= Gareth Stansfield =

British academic (born 1973)

Gareth Robert Vincent Stansfield (born 26 October 1973) is a British political scientist who is Professor of Middle East Politics and Pro-Vice-Chancellor and Executive Dean of the Faculty of Humanities, Arts, and Social Sciences at Exeter University. He was Executive Dean of the faculty most affected by the university's 2026 redundancy proposals, which drew opposition from the University and College Union and several learned societies.

==Early life and education==
Stansfield was educated at Hulme Grammar School, followed by Durham University, where he read Geography and was awarded the W A Moyes Prize. He completed an MA in Middle East Politics and a PhD at the same institution.

==Career==
Stansfield joined Exeter University as a Research Fellow in 2002.

Stansfield was Pro-Vice-Chancellor and Executive Dean of the Faculty of Humanities, Arts and Social Sciences when, in June 2026, the University of Exeter proposed a programme of compulsory redundancies equivalent to around 150 full-time posts. The Exeter branch of the University and College Union said the proposals placed more than 500 staff at risk and jeopardised 85% of the faculty, and declared a formal trade dispute in July 2026 following a near-unanimous vote at an emergency branch meeting attended by more than 700 members.
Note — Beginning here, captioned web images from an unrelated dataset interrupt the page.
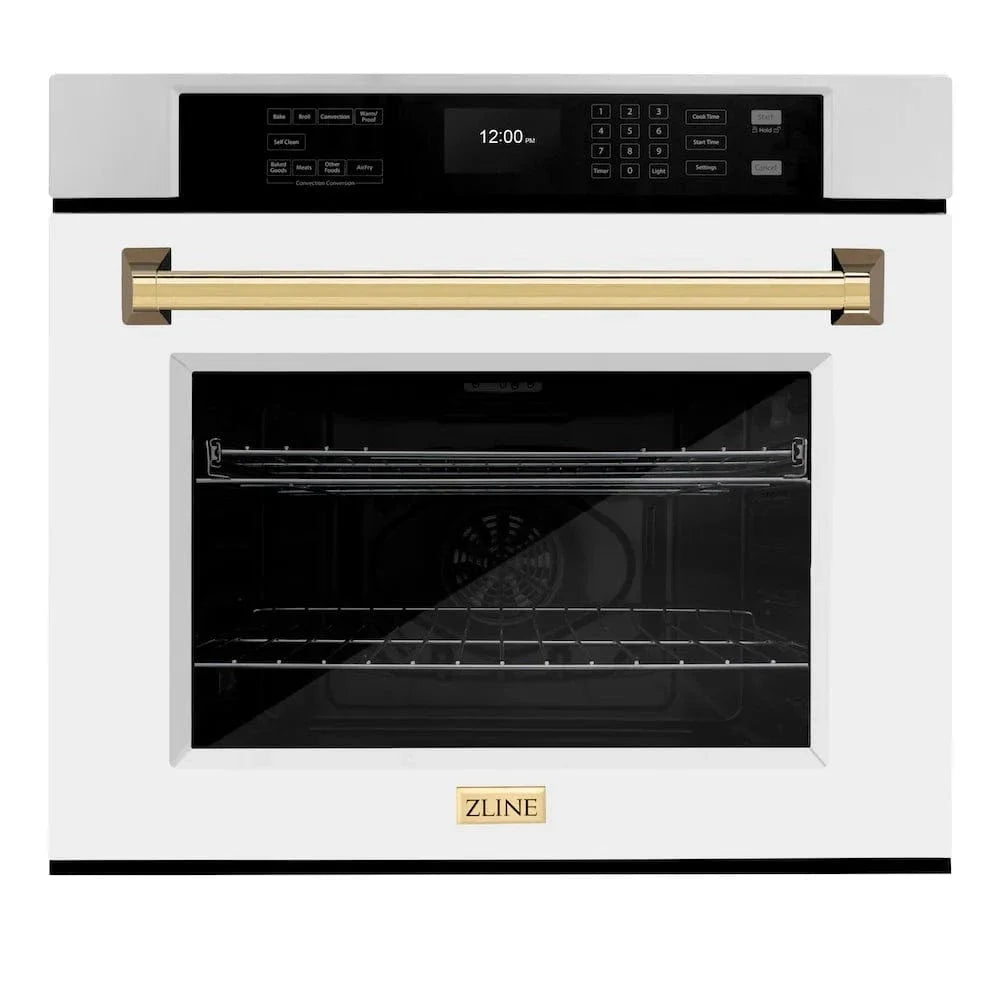 ZLINE 30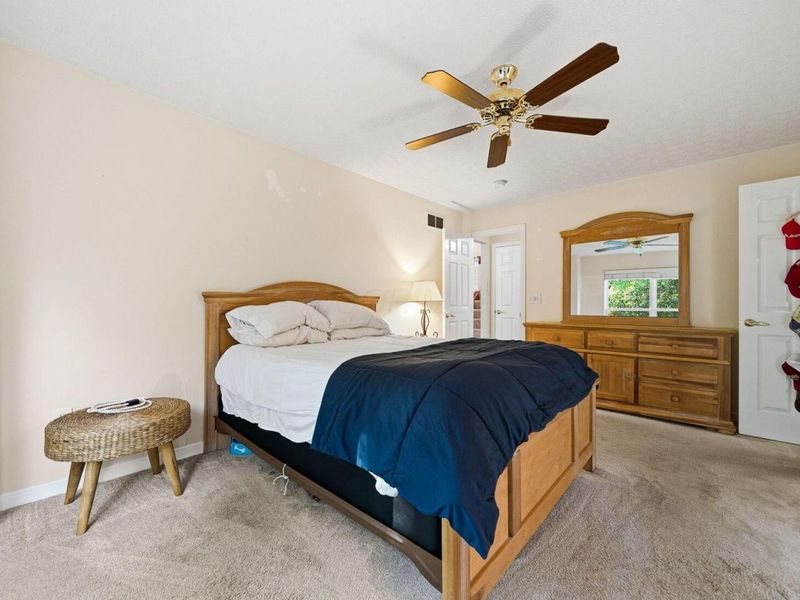 5406 Bullfinch Drive, Westerville, OH 43081 Photo 26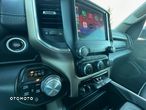 Dodge RAM 1500 5.7 4x4 - 13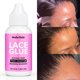 thumbnail image 3 of Dolahair Wig Glue Spray for Front Lace Wig Lace Melting Spray, 3 of 3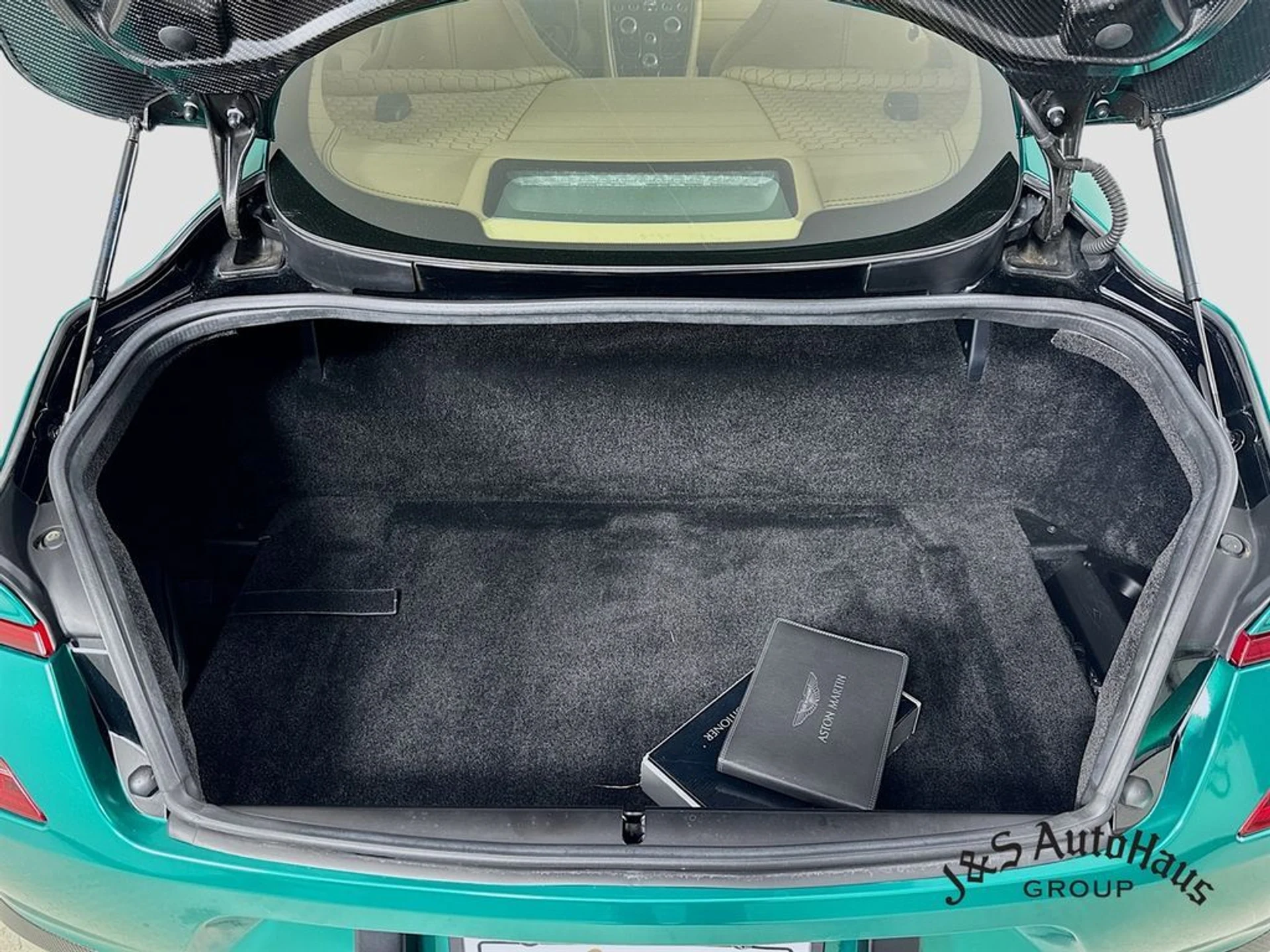 mph031_315400345_fot3dezvmawvwuvqfqz7dts8xe34_9a698e5e19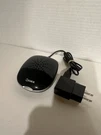 Widex Dry-go Uv Electronic Drying Station. Fixed Price $21.00.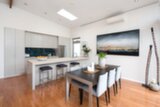 64 Piper Street, Lilyfield - Thumbnail 8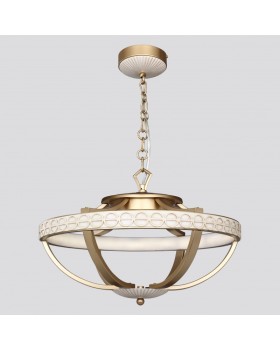 Подвесная люстра Favourite 2497-2P-foto7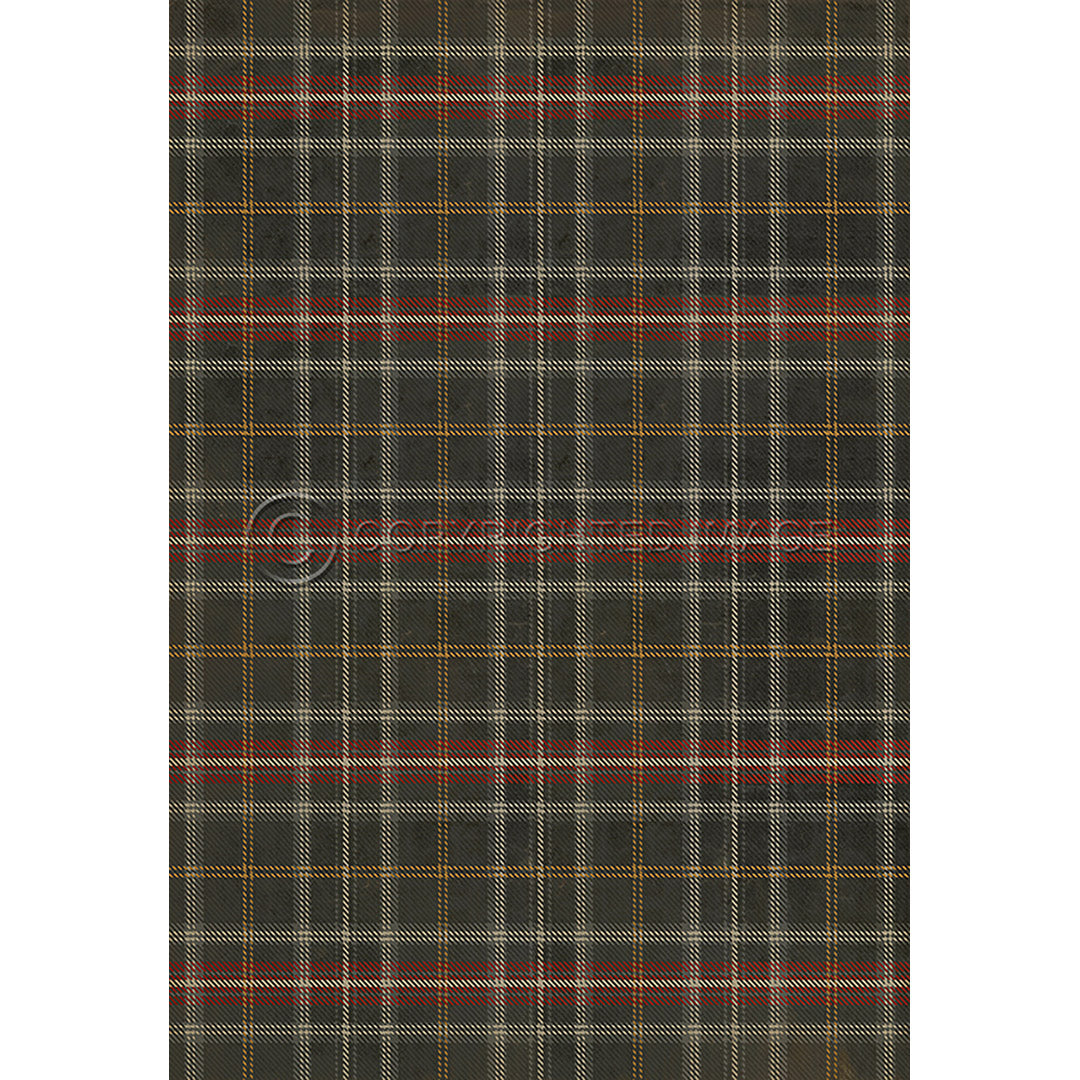 Pattern 67 Forth Bridge       96x140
A UCU petition described the announcement as a "stunning failure of leadership" by the university's senior management and governance, and the branch said it would move votes of no confidence in the Vice-Chancellor, University Executive Board and Council.

Stansfield was among the senior figures addressed in open letters from learned societies, including the British Sociological Association, which urged the university's leadership to explore every available alternative before proceeding, and the Council of University Classical Departments, which expressed concern and dismay at the proposals.

In 2004, he co-wrote The Future of Iraq: Dictatorship, Democracy or Division? with Liam Anderson.

He has been critical of Turkish policy in Syria.

Stansfield was appointed Officer of the Order of the British Empire (OBE) in the 2024 New Year Honours for services to UK interests in Iraq.